The school district has been collecting formal data on the amount of waste at each of its five schools since October. Riley says the data has been eye opening.
"Among the first data we looked at were a lot of whole fruits being thrown away," said Riley. "It's like, 'oh... wow.' The amount of waste sometimes makes you pause."
So, naturally, Ms. Riley saw these statistics as an opportunity for the students to form their own study on how much food is being wasted.
"I knew that my AP stats students are always looking for real good interesting information," said Riley.
As part of AP Stats, students are required to be involved in a research project. Three of Ms.
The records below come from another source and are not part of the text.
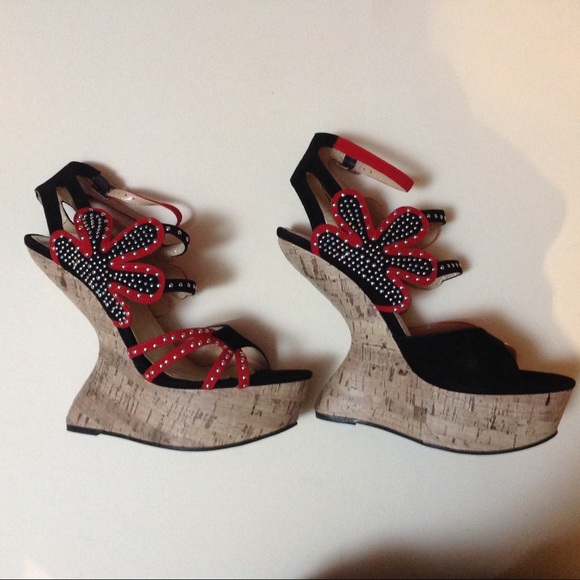 Where art meets fashion! Fun & Funky ALBA wedges! - Picture 7 of 8
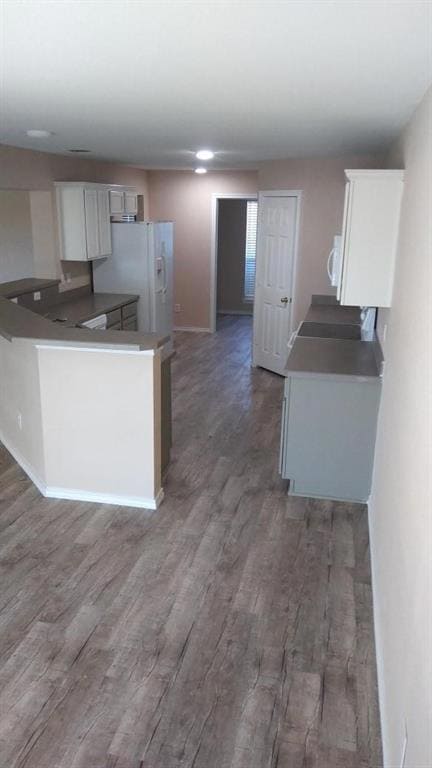 Big open kitchen with breakfast area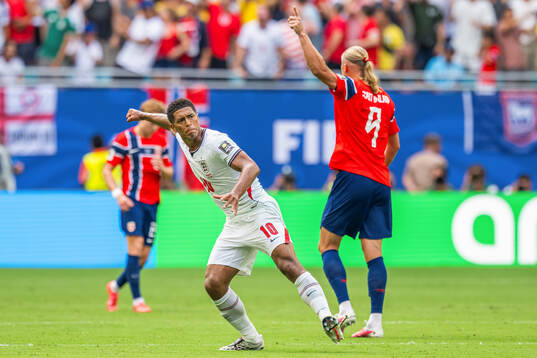 Jude Bellingham of England celebrates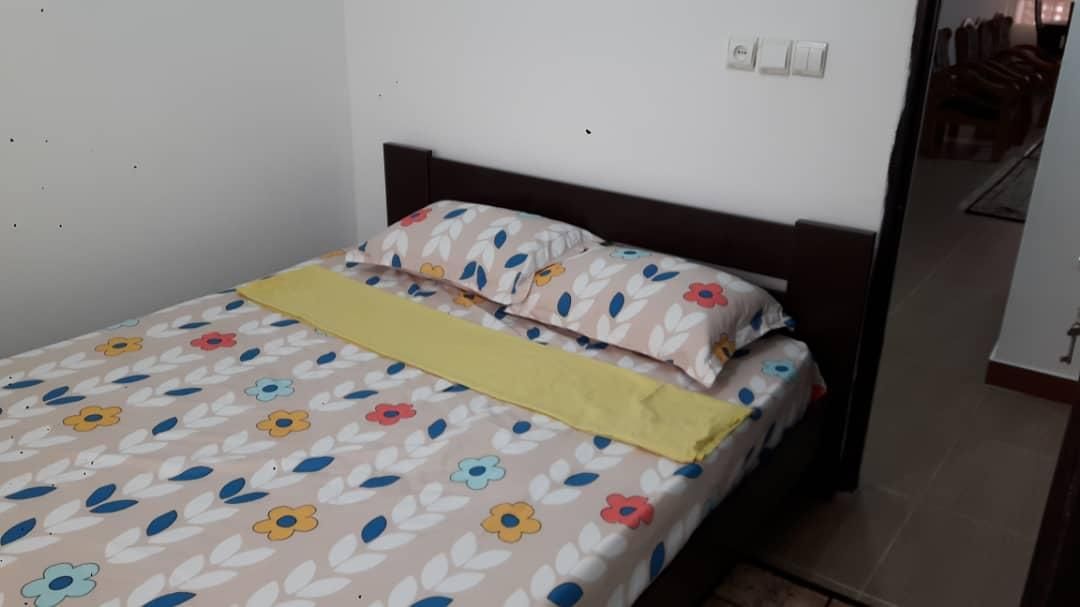 تک واحد دو خواب رشت اتوبان سراوان به فومن|اجارهٔ کوتاه‌مدت آپارتمان و سوئیت|رشت, سلیمانداراب|دیوار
Riley's students gathered research on food waste through a project they now call Off the Tray, Into the Student.
"We call it OTIS," said Riley. "It's more friendly if it has a name."
OTIS is providing the students with a real-world opportunity to practice data collection skills.
"We take the trays back here," said Brewer. "Every 13th tray. then here we scrape off all the fruit and vegetable waste and then we throw away the rest and then we count the trays so we know on average how much is wasted."
The students also learn the importance of a survey when conducting research.
"Can you just circle your three favorite fruits and your three favorite vegetables," said Brewer.
"We're hoping to determine what are the favorite and the least favorite fruits and vegetables so we know what to serve at lunch," said Maria Bertrand, Onalaska High School senior. "And whether serving favorite fruits and vegetables creates less waste."
Once the students complete their research, they can analyze their data to see if they have conclusive results.
"The ideal outcome would be an idea that they could carry to the school board and report on their findings and have a written paper," said Riley. "Ultimately, I call this a mini dissertation experience."
And it's giving students a unique opportunity to take something that is nutritious for their bodies and make it nutritious for their minds.
"When you get the book examples, there are numbers that just happen to work out perfectly, but like for this experiment you're seeing this is real life," said Brewer. "You're going to have things that are going to throw you off. Your answers aren't going to come out perfect. And it's just learning to deal with those situations."
"The real life experience... there's just nothing like it," said Riley.